Their shapes are different because they aren't the same thing. You can verify by printing them:

import numpy as np

a = np.array([[1,2,3,4], [5,6,7,8], [9,10,11,12]])

row_r1 = a[1, :]
row_r2 = a[1:2, :]

print("{} is shape {}".format(row_r1, row_r1.shape))
print("{} is shape {}".format(row_r2, row_r2.shape))

Yields:

[5 6 7 8] is shape (4,)
[[5 6 7 8]] is shape (1, 4)

This is because indexing will return an element, whereas slicing will return an array.
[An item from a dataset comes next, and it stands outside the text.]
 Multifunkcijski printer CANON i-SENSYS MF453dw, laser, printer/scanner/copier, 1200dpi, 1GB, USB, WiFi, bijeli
You can however manipulate them to be the same thing using the .resize() function available to numpy arrays. The code:

import numpy as np

a = np.array([[1,2,3,4], [5,6,7,8], [9,10,11,12]])

row_r1 = a[1, :]
row_r2 = a[1:2, :]

print("{} is shape {}".format(row_r1, row_r1.shape))
print("{} is shape {}".format(row_r2, row_r2.shape))
# Now resize row_r1 to be the same shape
row_r1.resize((1, 4))
print("{} is shape {}".format(row_r1, row_r1.shape))
print("{} is shape {}".format(row_r2, row_r2.shape))

Yields

[5 6 7 8] is shape (4,)
[[5 6 7 8]] is shape (1, 4)
[[5 6 7 8]] is shape (1, 4)
[[5 6 7 8]] is shape (1, 4)

Showing that you are in fact now dealing with the same shaped object. Hope this helps clear it up!